Bomb Dropped From Aircraft During WWII Just Exploded

4 injured in Munich blast
By Newser Editors and Wire Services
Posted Dec 1, 2021 2:15 PM CST
WWII Bomb Injures 4 in Munich
Firefighters, police officers and railway employees stand on a railway site in Munich, Germany, Wednesday, Dec. 1, 2021.   (Sven Hoppe/dpa via AP)

A World War II bomb exploded at a construction site next to a busy railway line in Munich on Wednesday, injuring four people, one of them seriously, German authorities said. A column of smoke was seen rising from the site near the Donnersbergerbruecke station, the AP reports, with the Wall Street Journal describing the bomb as weighing 550 pounds and having been dropped from an aircraft during the war. The construction site for a new commuter train line is located on the approach to Munich's central station, which is around half a mile to the east. Trains to and from that station, one of Germany's busiest, were suspended but service resumed in mid-afternoon. A few local trains were evacuated. The fire service said there was no damage to the tracks.

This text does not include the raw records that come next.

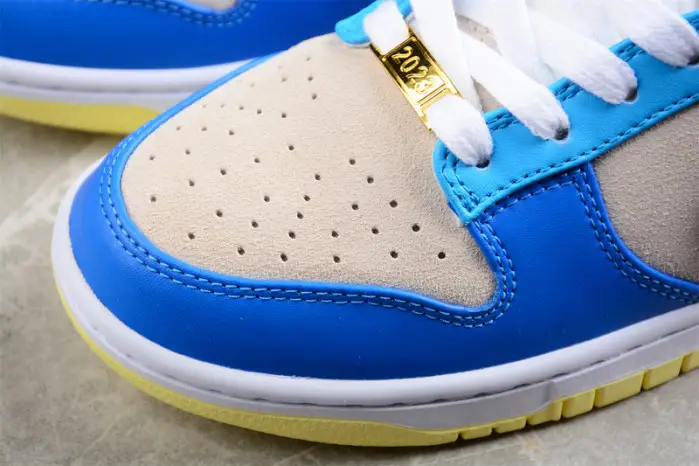 Nike Dunk Low Retro PRM Year of the Rabbit Blue Orange Cream 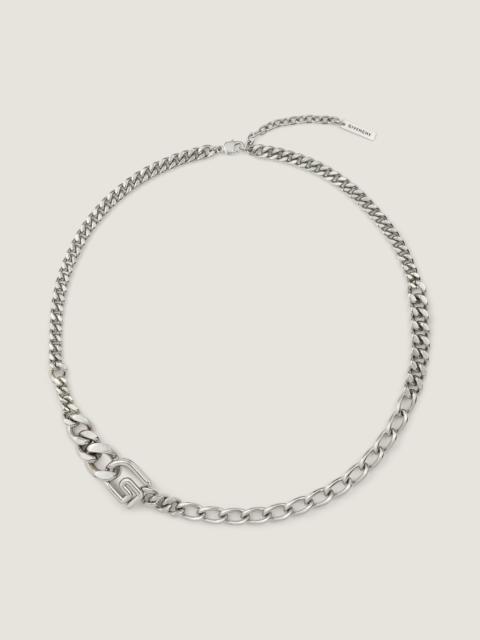 Givenchy G LINE NECKLACE IN METAL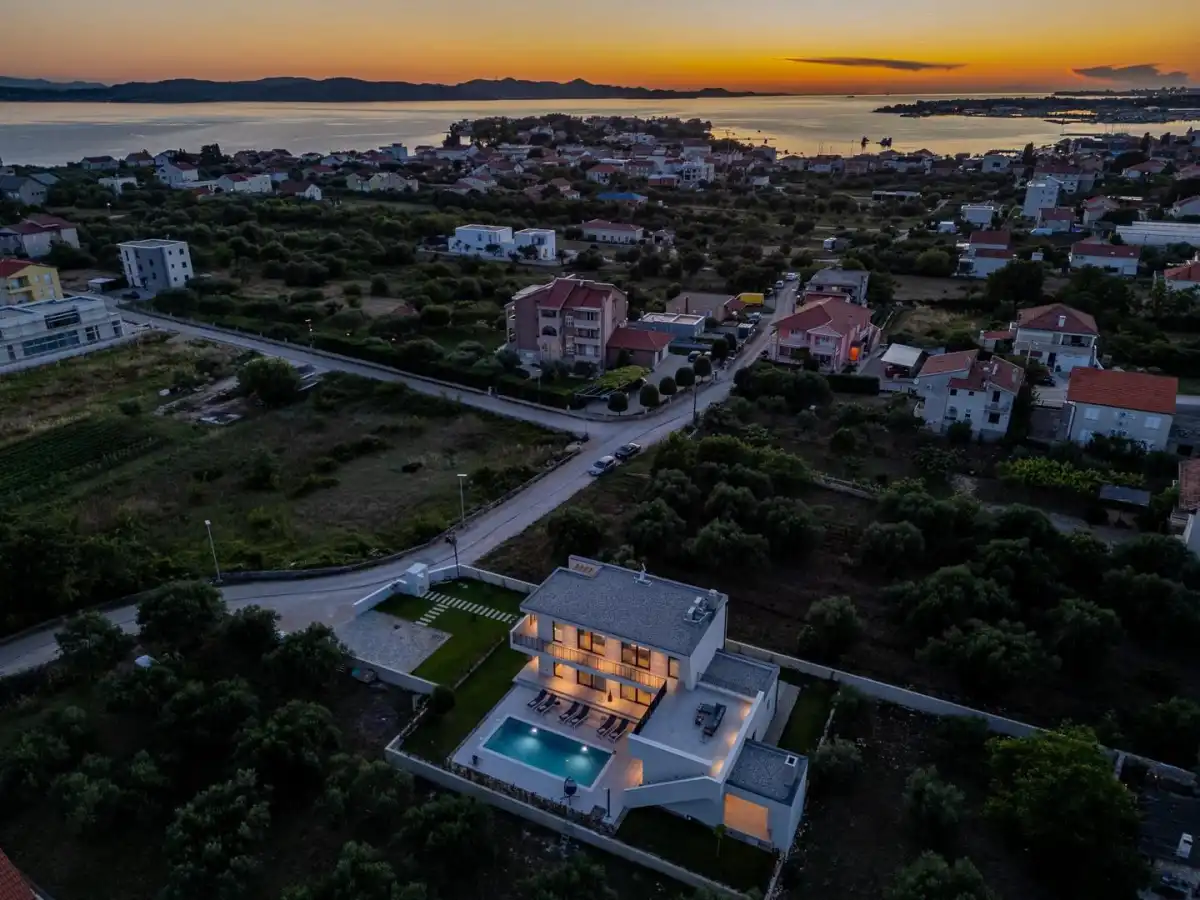 Vila Intrada - Zadar, Dalmacija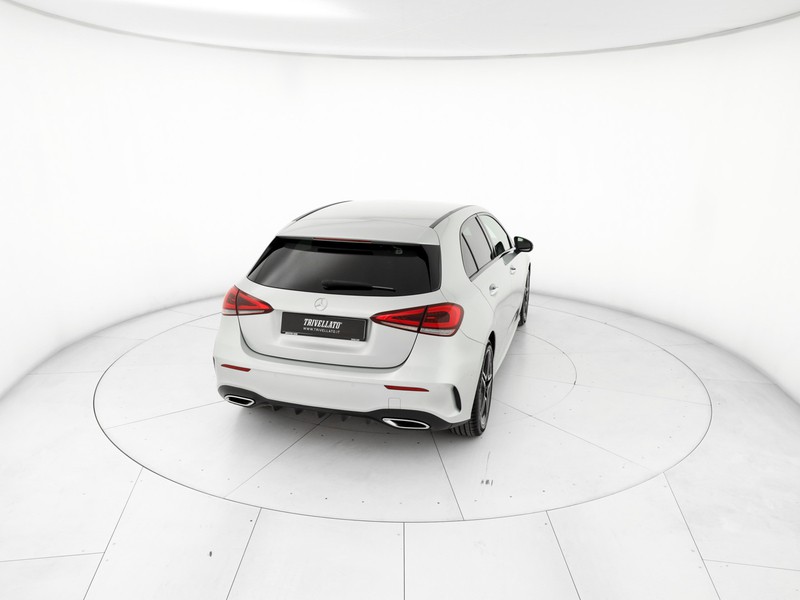 Mercedes Classe A 220 premium auto benzina argento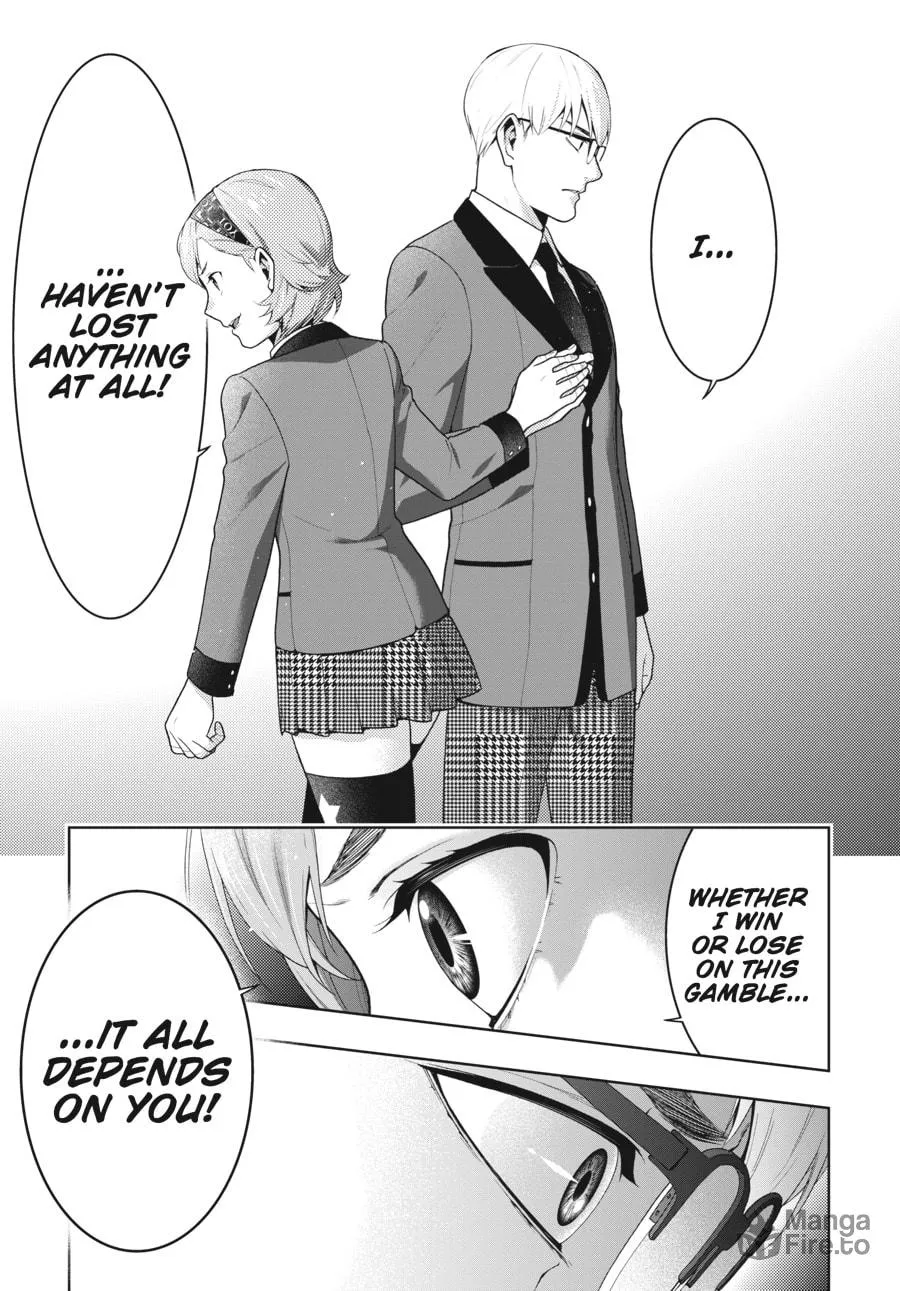 Read Kakegurui: Compulsive Gambler chapter 49 image 23 on Lezhin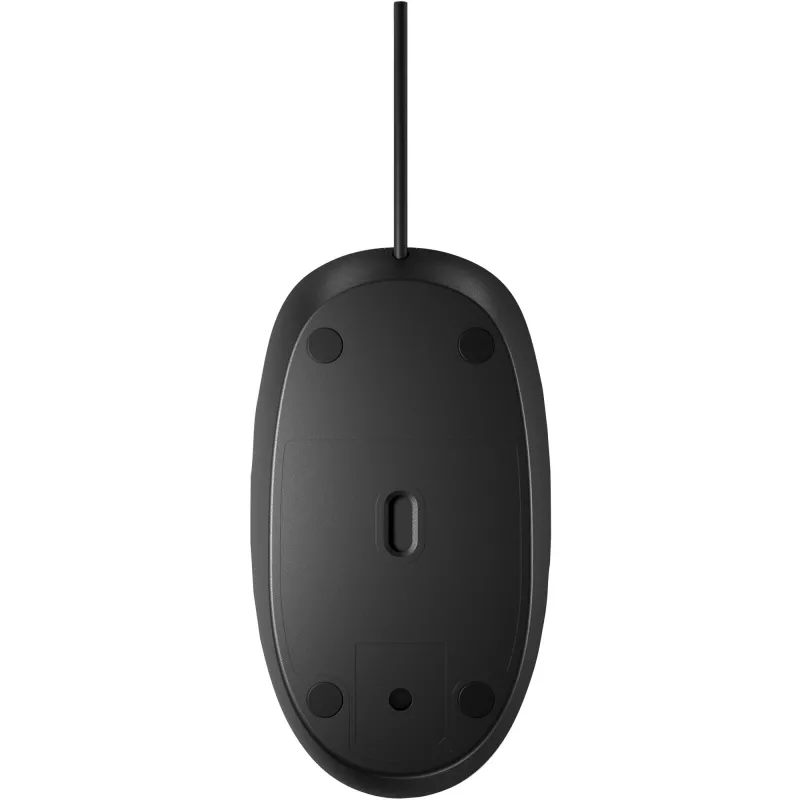 HP 125 vadu pele, abpusēja, optiska, USB Type-A, melna
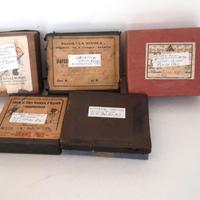 48 DIAPOSITE PER LANTERNA MAGICA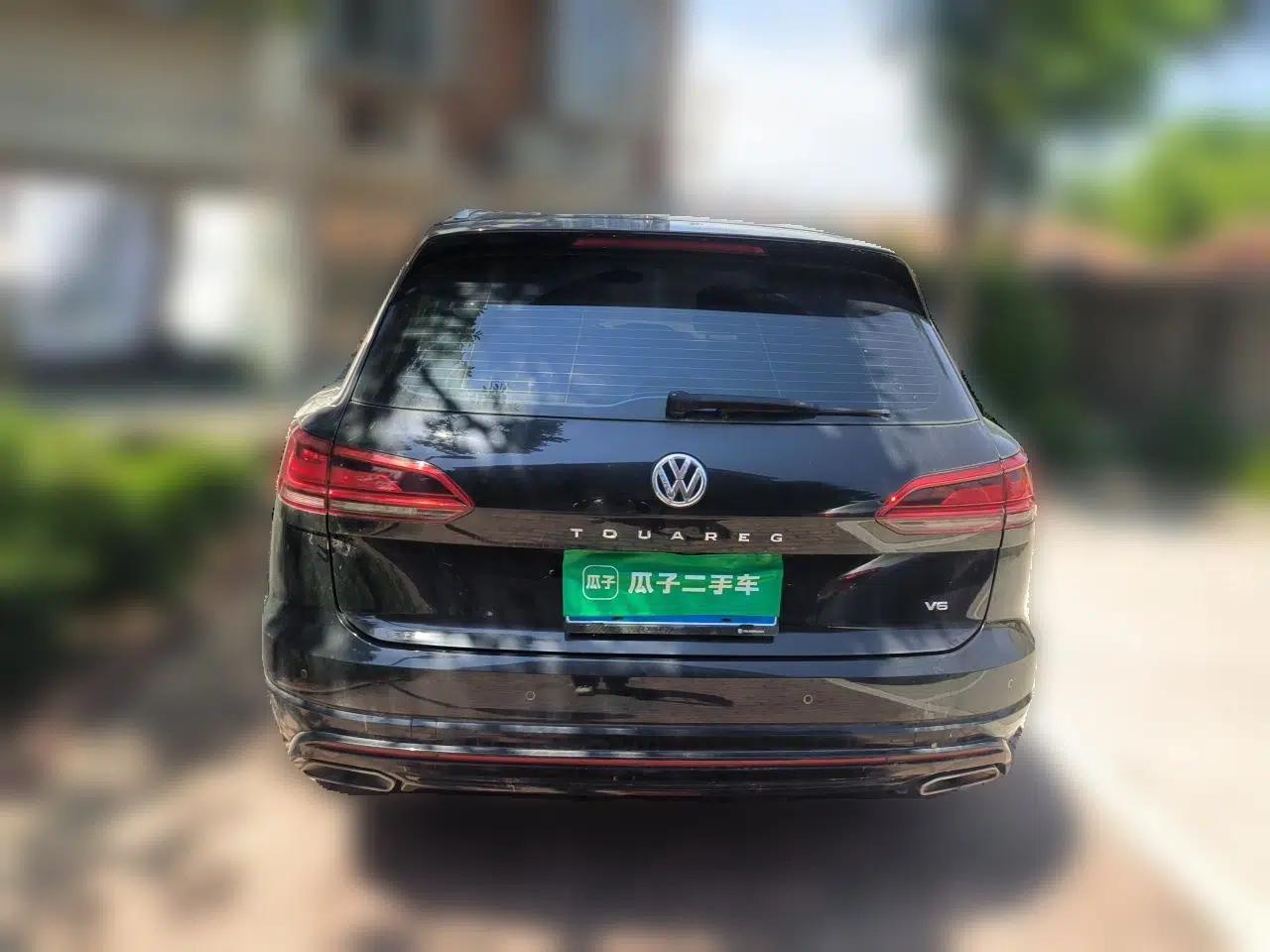 Volkswagen Touareg 2019 3.0 TSI Prestige Version China VI Standard — миниатюра 5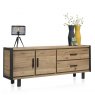 Habufa Brooklyn Sideboard | Oak Railway Brown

Unexploded bombs are still found frequently in Germany, even 76 years after the end of the war, and often during work on construction sites. They are usually defused or disposed of in controlled explosions, a process that sometimes entails large-scale evacuations as a precaution. Bavaria's state interior minister, Joachim Herrmann, said the bomb was found during drilling work, according to German news agency dpa. Herrmann said authorities must now investigate why it wasn't discovered earlier. He noted that such construction sites are usually scanned carefully in advance for possible unexploded bombs.